1. Carver BS, Sheinfeld J. Germ cell tumors of the testis. Ann Surg Oncol. 2005;12(11):871–880.

2. Castillo OA, Litvak JP, Kerkebe M, et al. Case report: laparoscopic management of massive chylous ascites after salvage laparoscopic retroperitoneal lymph-node dissection. J Endourol. 2006;20(6):394–396.

3. Chen J, Lin RK, Hassanein T. Use of orlistat (xenical) to treat chylous ascites. J Clin Gastroenterol. 2005;39(9):831–833.

ADDITIONAL READING

• Bosl GJ, Feldman DR, Bajorin DF, et al. Cancer of the testis. In: DeVita VT, Hellman S, Rosenberg SA, eds. Cancer: Principles and Practice of Oncology. 9th ed. Philadelphia, Pa: Lippincott Williams & Wilkins; 2011:1280–1301.

• Evans JG, Spiess PE, Kamat AM, et al.

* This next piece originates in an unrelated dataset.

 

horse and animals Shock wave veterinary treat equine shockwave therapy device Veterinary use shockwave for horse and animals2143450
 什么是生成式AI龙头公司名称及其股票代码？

Chylous ascites after post-chemotherapy retroperitoneal lymph node dissection: Review of the M. D. Anderson experience. J Urol. 2006;176(4 Pt 1):1463–1467.

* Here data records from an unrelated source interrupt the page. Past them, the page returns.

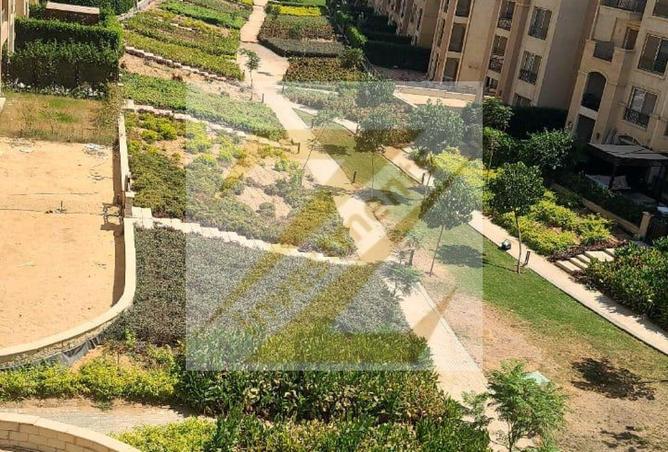 8554237 - صورة العقار 3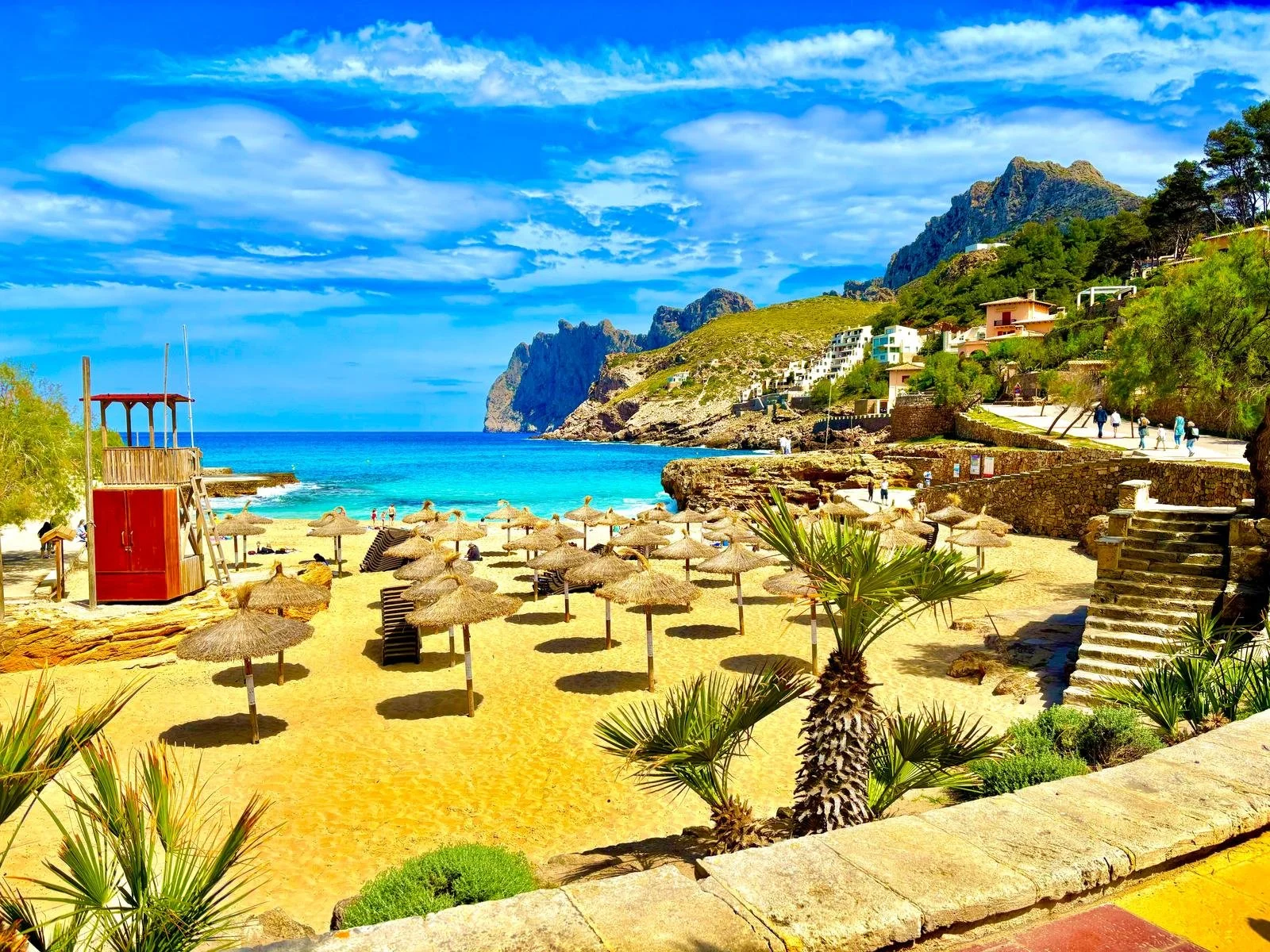 WhatsApp Image 2025-04-15 at 13.43.07_3b77ecf8.jpg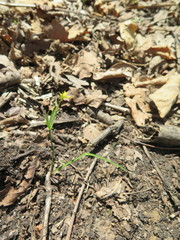 Gagea hiensis
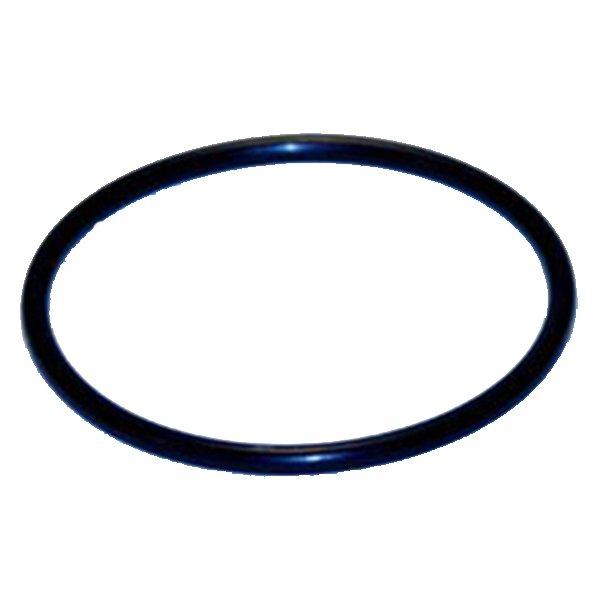 Pump Union O-Ring, 1 inch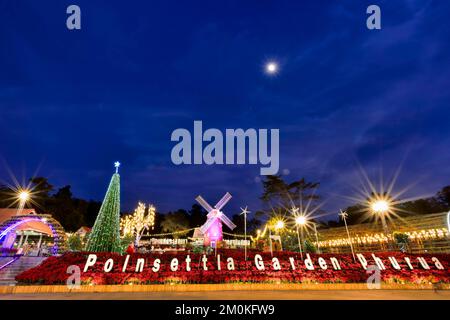 Poinsettia, fiore rosso di natale e mulino a vento punto di riferimento della vista notturna è decorata con luci colorate. con sfondo nel parco vicino nazionale Foto Stock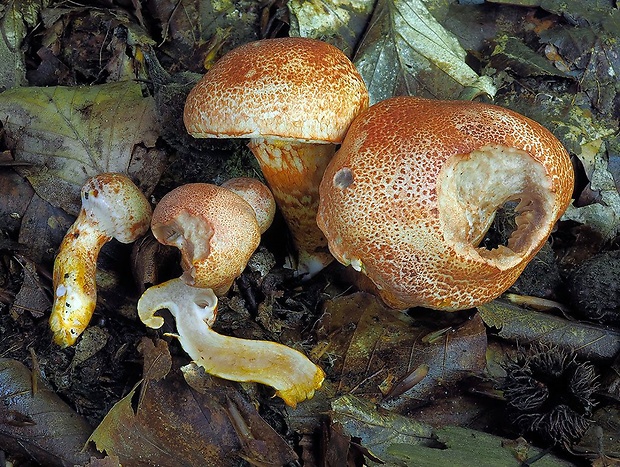 pavučinovec červenošupinatý Cortinarius bolaris (Pers.) Fr.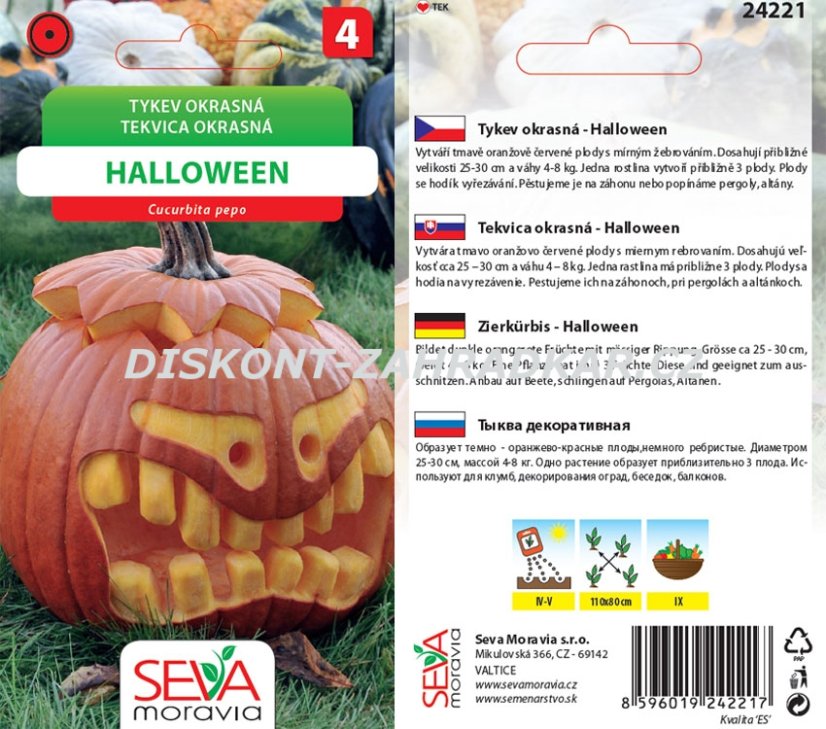 24221 okrasná tykvička Halloween 10s /D50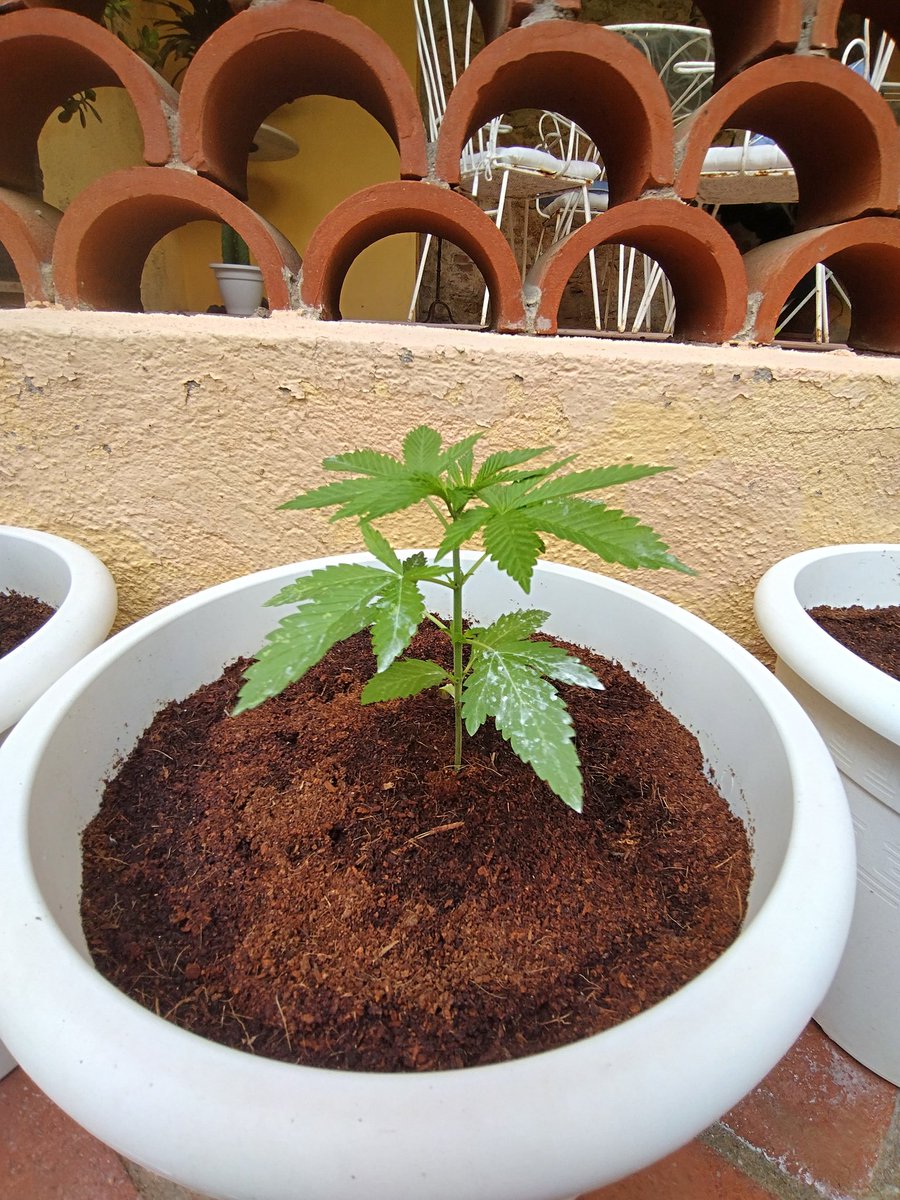 2nd OG Runtz lookin better 🍃💚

• Link RE, Amin N, Kavoussi LR. Chylous ascites following retroperitoneal lymphadenectomy for testes cancer. Nat Clin Pract Urol. 2006;3(4):226–232.

See Also (Topic, Algorithm, Media)

• Chylous Ascites Image

• Lymphatic Ascites

• Testis Cancer, Adult General Considerations

CODES

ICD9

• 125.9 Unspecified filariasis

• 457.8 Other noninfectious disorders of lymphatic channels

ICD10

• B74.9 Filariasis, unspecified

• I89.8 Oth noninfective disorders of lymphatic vessels and nodes

CLINICAL/SURGICAL PEARLS

• Chylous ascites occurs in ∼1–3% of patients undergoing a RPLND.

• Risk factors include vena cava resection, suprahilar dissections, and concomitant hepatic surgery.

• Initial management includes paracentesis for symptom of pain or pulmonary compromise and low lipid, high medium-chain triglyceride oral diet.